Na enige tijd ‘ik weet niet meer hoe lang ik al bij de fam. v.Drie verbleef, kwam de heer van Drie na het einde van zijn dienst thuis met de mededeling dat er een auto van de Rotterdamse politie aan het bureau was geweest op zoek naar politie mensen die door de Duitsers waren afgevoerd en zich na hun vlucht mogelijk in het grensgebied ophielden.
na eerst enige aarzeling kregen zij het vertrouwen, dat die Rotterdamse politieman ter goedertrouw was, werd hem over onze aanwezigheid in Winterswijk verteld. Hierop werd de afspraak gemaakt, dat hij die dag nog wat langs de grens zou zoeken naar de mogelijke aanwezigheid van mensen van het Rotterdams korps en s’avonds zou terugkeren aan het bureau om die 4 in Winterswijk aanwezige op te halen en naar Rotterdam terug te vervoeren.
Die avond zijn wij met nog 4 die dag gevonden agenten onder barre omstandigehden, met dus totaal 9 mensen naar Rotterdam terug gereden. Ik weet nog precies hoe we dat deden er moesten er 2 plaats nemen aan de buitenkant van de auto in liggende houding tussen de motorkas en de spatborden en dan werd er om de 10 km gewisseld langer was niet vol te houden, want het was die avond koud en regenachtig.
Er konden per uur niet veel kilometers worden gemaakt door de duisternis, slechte verlichting op de auto (ivm de verduistering) en het wegennet was natuurlijk niet zoals wij dat nu kennen.
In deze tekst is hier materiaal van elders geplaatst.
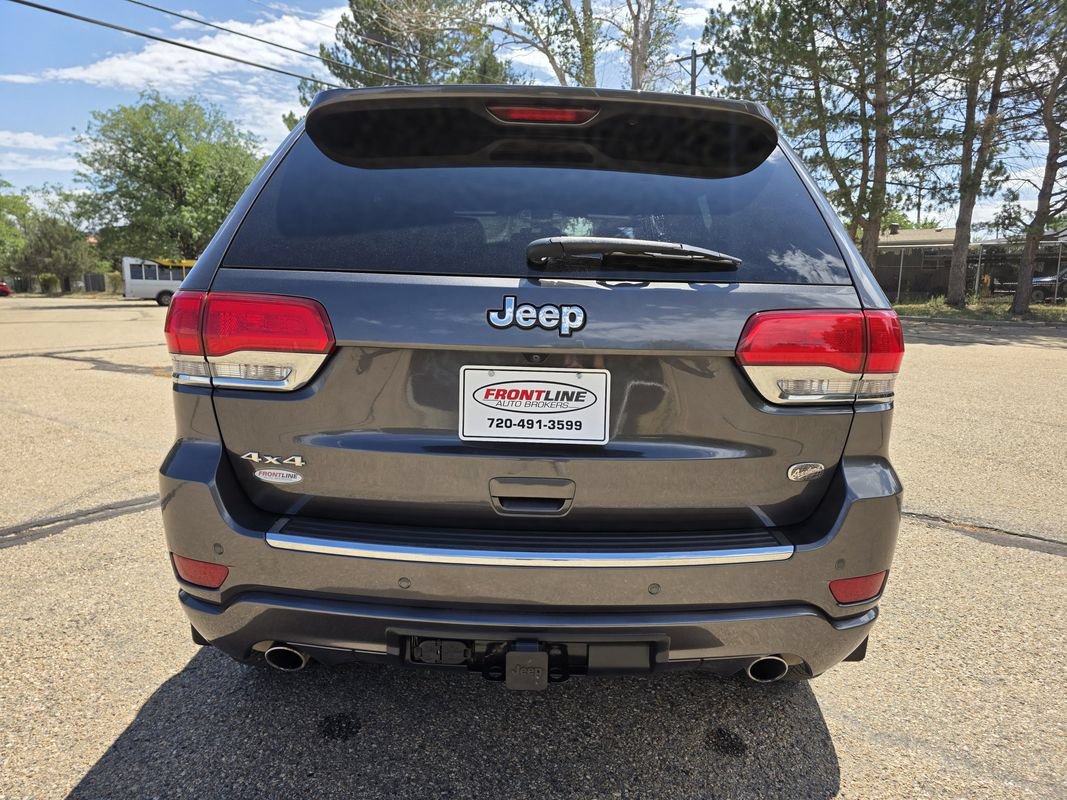 Used 2018 Jeep Grand Cherokee Overland AWD/4WD image 5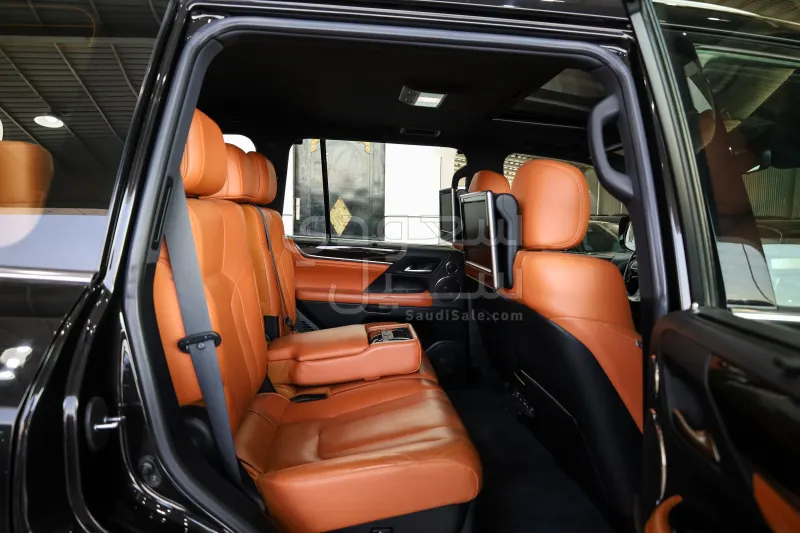 2017 لكزس إل إكس 570 اس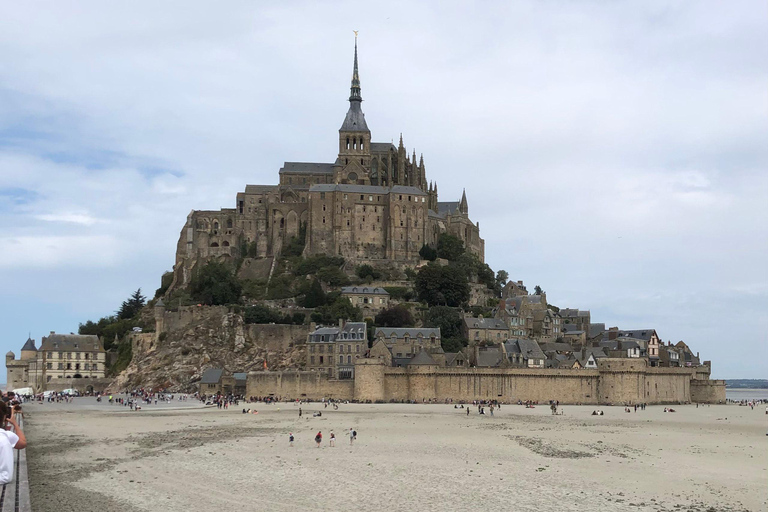 From Paris: Private Mont St-Michel and Honfleur Day Tour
Maar ondanks alle ellende zijn wij de volgende dag in de loop van de morgen in R’dam aangekomen en werden wij bij onze familie afgeleverd. U kunt zich de vreugde in mijn gezin voorstellen na alle onzekerheid over het lot van mij gedurende de laatste weken.
Van mijn afdeling chef kreeg ik toestemming om mij voorlopig niet meer aan het bureau te laten zien uit vrees om wederom te worden gepakt.
na enige weken de kat uit de boom te hebben gekeken heb ik toen de draad weer opgepakt en weer aan het werk gegaan en zo zonder verdere nare ondervindingen de bevrijding gehaald.
Hopende u met deze hoofdlijnen van dienst te zijn geweest ga ik dit schrijven beeindigen met de hartelijke groeten van ons beiden.